Governor Tom Corbett will not be blocking the aisles at same-sex marriages.
He won't be raising an objection during the ceremonies.
On Wednesday, the governor announced he would not appeal Tuesday's ruling from Judge John Jones that struck down as unconstitutional Pennsylvania's ban on gay marriage.
Same-sex couples had nervously celebrated on Tuesday because they worried that Corbett, as has happened in other states, would appeal Jones' ruling. That could cause a stay and trigger more courtroom fights and stop them from getting married as the court fight continued.
They can now breathe easy and move forward with their wedding plans.
Corbett issued a statement and conceded that he and his legal team decided the state wasn't likely to win an appeal so they wouldn't pursue one, but he also made clear that he doesn't personally agree with Jones' decision.
The statement said, in part: "As a Roman Catholic, the traditional teaching of my faith has not wavered. I continue to maintain the belief that marriage is between one man and one woman. My duties as governor require that I follow the laws as interpreted by the courts and make a judgment as to the likelihood of a successful appeal."
In the end, the Corbett team didn't think its appeal would be successful. After all, the Supreme Court tipped its hand last fall when it struck down the federal Defense of Marriage Act as unconstitutional.
State taxpayers have already spent $600,000 defending Pennsylvania's ban. Would spending more money on a likely losing case be fiscally prudent?
Conservatives complained that Jones usurped the power of the legislature, that one man waved a wand and superseded the work of elected representatives. But Attorney General Kathleen Kane, who refused last summer to defend the Pennsylvania law, said that's the checks and balances of the judicial branch.
"The judge said, 'well, you're wrong,' and that's how our system of democracy works and that's the way it's supposed to work," Kane said.
Kane was harshly criticized by some for shirking her constitutional responsibilities and refusing to defend the gay marriage ban. She admitted during a Wednesday interview in her Harrisburg office that she loved Jones' ruling.
"It was an historic moment yesterday in Pennsylvania and I hope that people feel the enormity of it," Kane said. "And I hope they feel that the justice system does work because it may not be you today, but what if it's you tomorrow? Inequality in any form is just intolerable."
The legal community in Harrisburg was abuzz Wednesday in the aftermath of Jones' ruling. David Fine, an appeals lawyer at K & LALGaAKes, said same-sex couples still have a broader fight ahead.
"They will, in fact, have to have at least one of these state statutes go before the U.S. Supreme Court and probably next year," Fine said.
Pennsylvania has decided not to appeal a federal judge's ruling, but many states have and their same-sex couples are in limbo.

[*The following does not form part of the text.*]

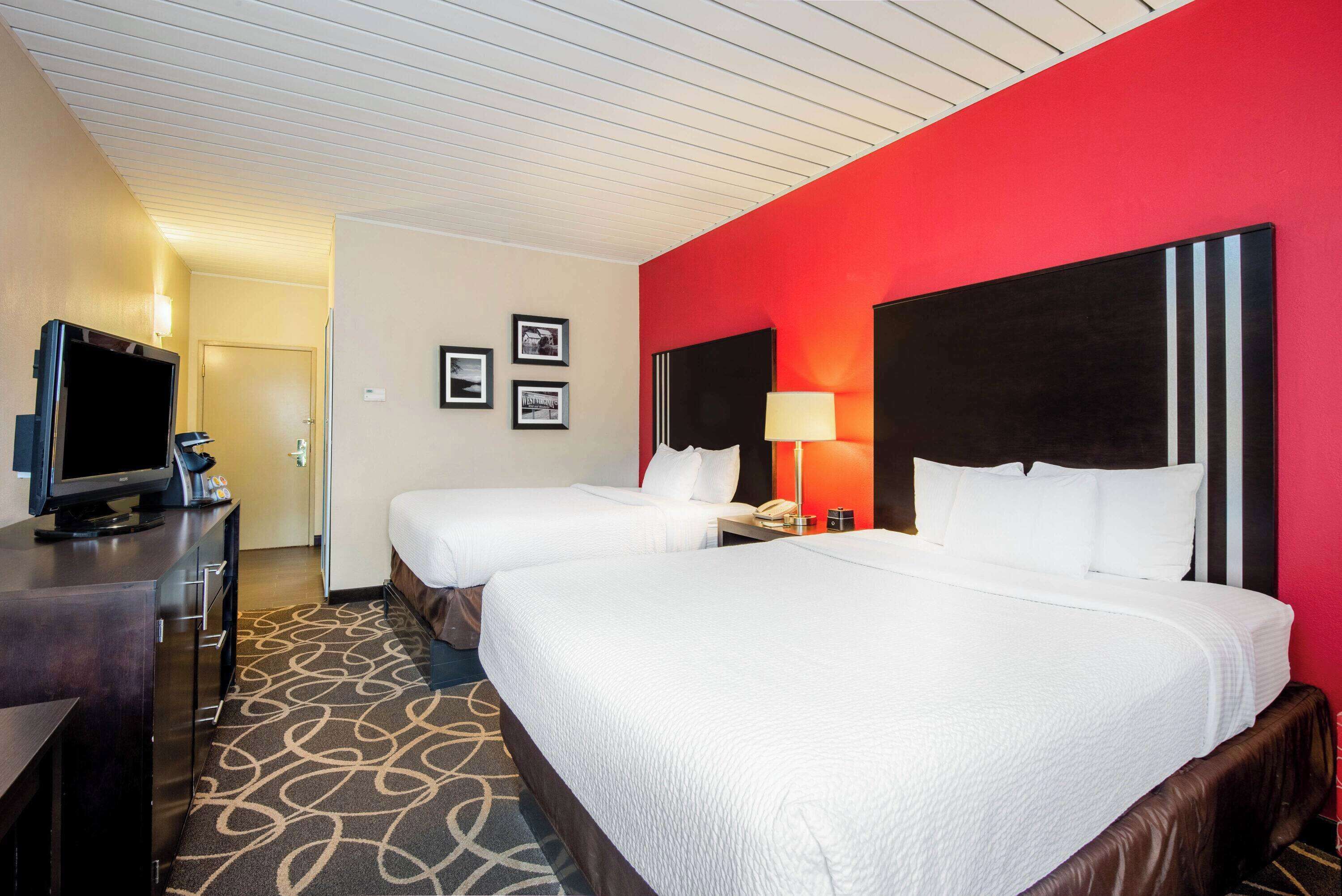 Habitación de hotel con dos camas, televisión, escritorio y una pared de acento roja.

That's messy and it will take the Supreme Court to clean it up, Fine suspects.
"Because there are too many cases out there and there's a need for uniformity," Fine said.
In Pennsylvania, there's no uniformity of opinion on the controversial topic of same-sex marriage. But there is now uniformity of law: gay couples in the Commonwealth are free to marry.
The governor concluded his statement with a call for compassion on all sides.
"It is my hope that as the important issue of same-sex relationships continues to be addressed in our society, that all involved be treated with respect," he said.